Version 0.9 (draft pending counsel review) · July 2026
Annexa is operated by Markus Niemeier, [street address to be added], Munich, Germany (hello@annexa.eu), who is the controller for personal data processed through this website and the client portal. See also the Impressum.
| Data | Purpose | Legal basis (GDPR) |
|---|---|---|
| Account data (name, business email, company, password hash) | Providing the client portal, authentication | Art. 6(1)(b) — contract |
| Submitted documents (formulas, supplier declarations) and generated workbooks | Performing the engaged review service | Art. 6(1)(b) — contract |
| Billing data | Invoicing, accounting | Art. 6(1)(c) — legal obligation |
| Technical logs (IP, timestamps) | Security, abuse prevention | Art. 6(1)(f) — legitimate interest |
| Correspondence | Support, engagement communication | Art. 6(1)(b), (f) |
Submitted documents typically contain business data rather than personal data; where personal data appears incidentally (e.g. a signatory's name on a supplier certificate), it is processed only as part of the document for the purposes above.
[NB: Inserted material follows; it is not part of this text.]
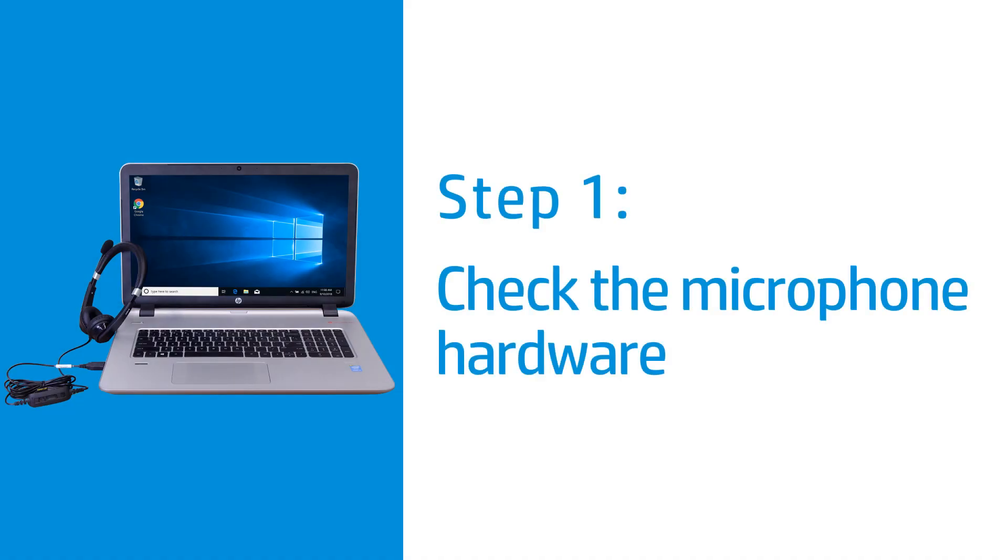Fix your microphone when it is not working correctly in Windows 10. Check the microphone hardware, and then test the microphone again.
Processing occurs on EU infrastructure (see Data & trust for the complete sub-processor list: AWS eu-central-1 for hosting; Stripe for billing). No transfers to third countries are made for document processing.
Submissions and uploaded documents: 90 days after delivery of the workbook, then deleted, unless you request earlier deletion or extended retention (e.g. for portfolio re-runs). Account data: for the duration of the account plus statutory retention periods for invoices. Logs: 30 days.
You have the rights of access, rectification, erasure, restriction, portability and objection (Art. 15–21 GDPR), and the right to lodge a complaint with a supervisory authority — in Bavaria: BayLDA. Contact for all requests: hello@annexa.eu.
The website sets no cookies. The client portal sets one strictly-necessary session cookie (HttpOnly) after login. No consent banner is required because nothing non-essential is stored.